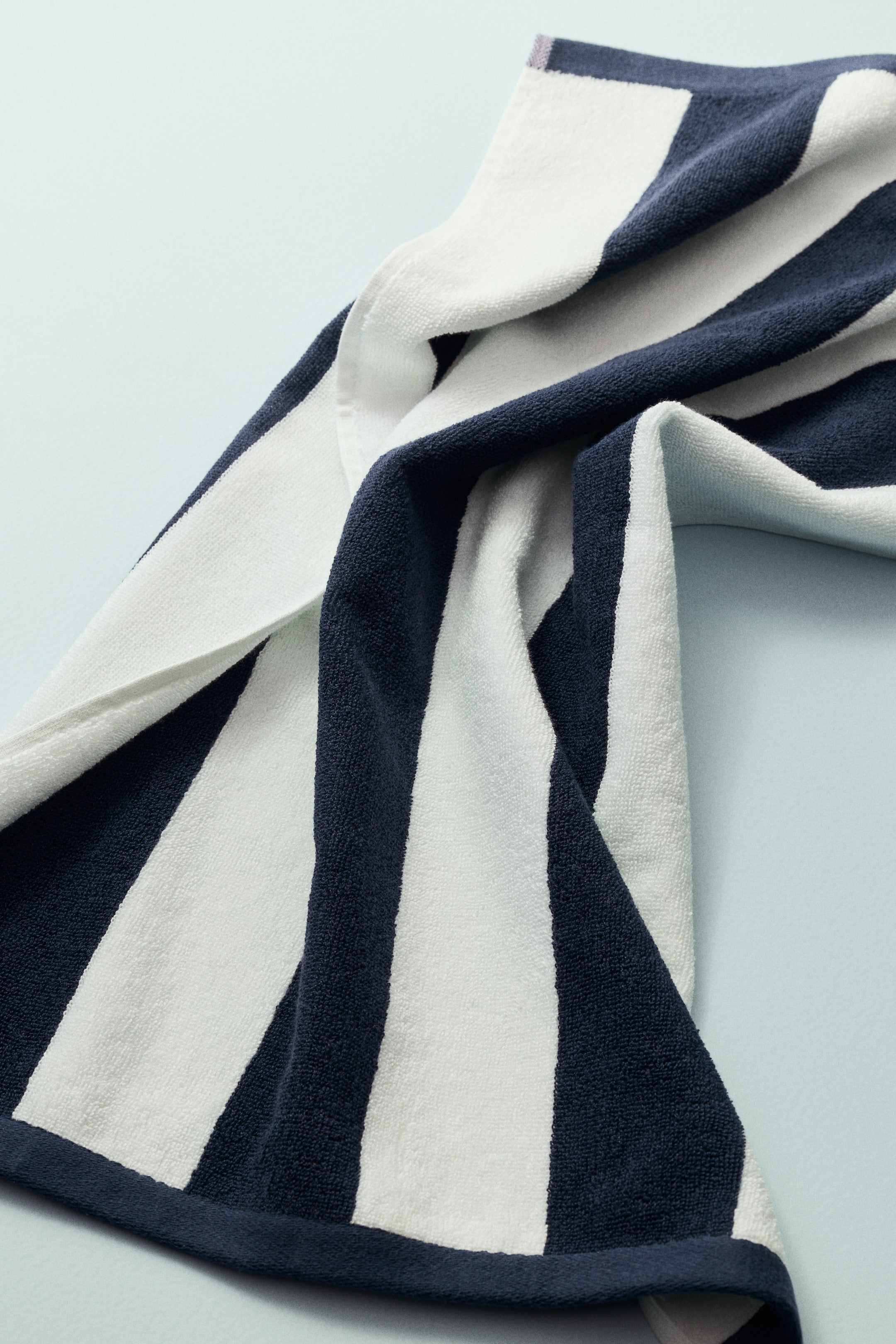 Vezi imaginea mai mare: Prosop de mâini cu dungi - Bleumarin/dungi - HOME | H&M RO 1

______

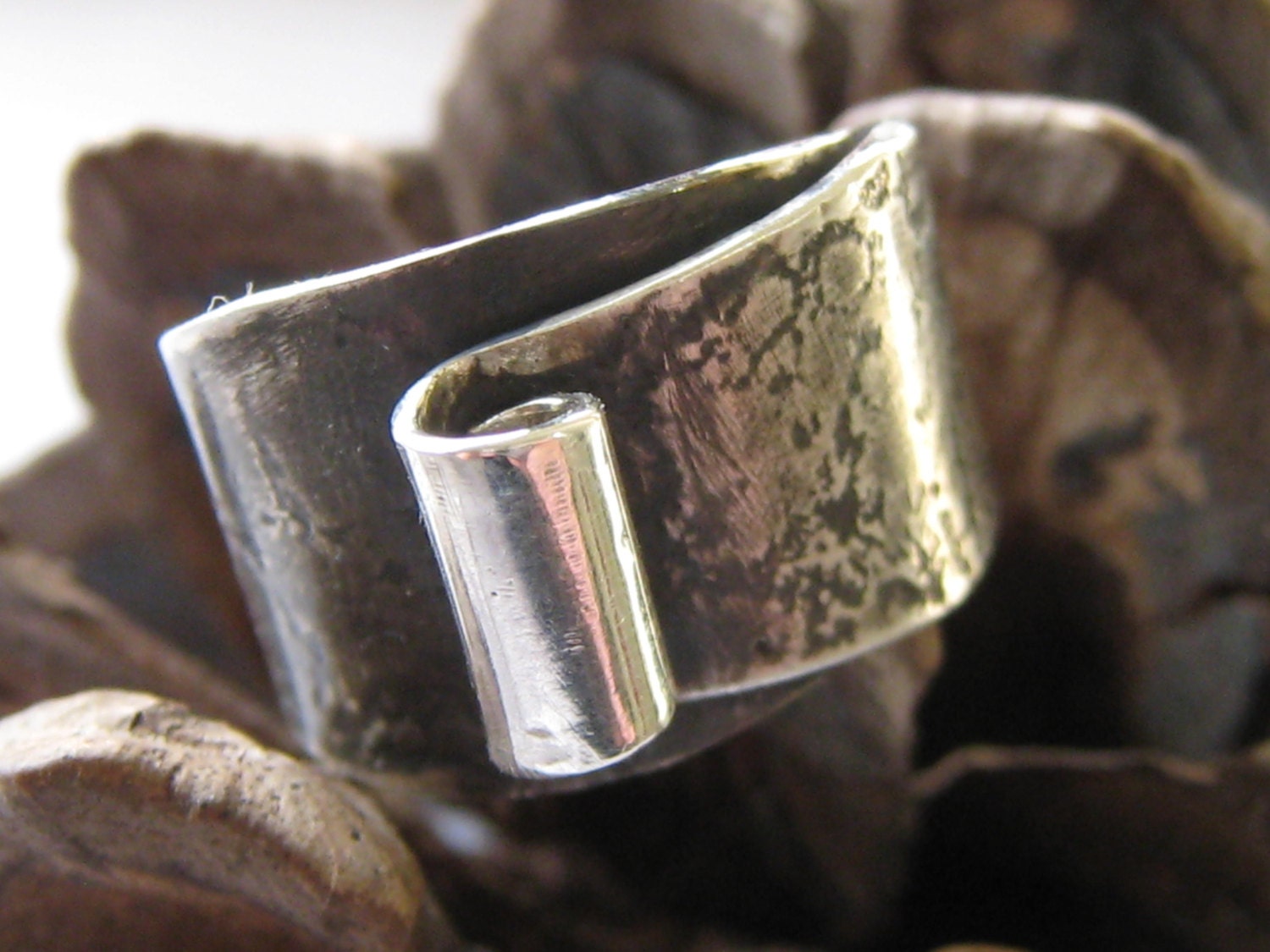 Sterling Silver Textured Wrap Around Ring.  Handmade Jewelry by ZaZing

______

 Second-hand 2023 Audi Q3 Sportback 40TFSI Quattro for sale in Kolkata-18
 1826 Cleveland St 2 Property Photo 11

______

- WORK ITEM -
Within the material above, copy exactly the lines from the line that holds "Second-hand 2023 Audi" up to and including the line that holds "1826 Cleveland St 2 Property Photo 11".

- WRITTEN RESPONSE -
 Second-hand 2023 Audi Q3 Sportback 40TFSI Quattro for sale in Kolkata-18
 1826 Cleveland St 2 Property Photo 11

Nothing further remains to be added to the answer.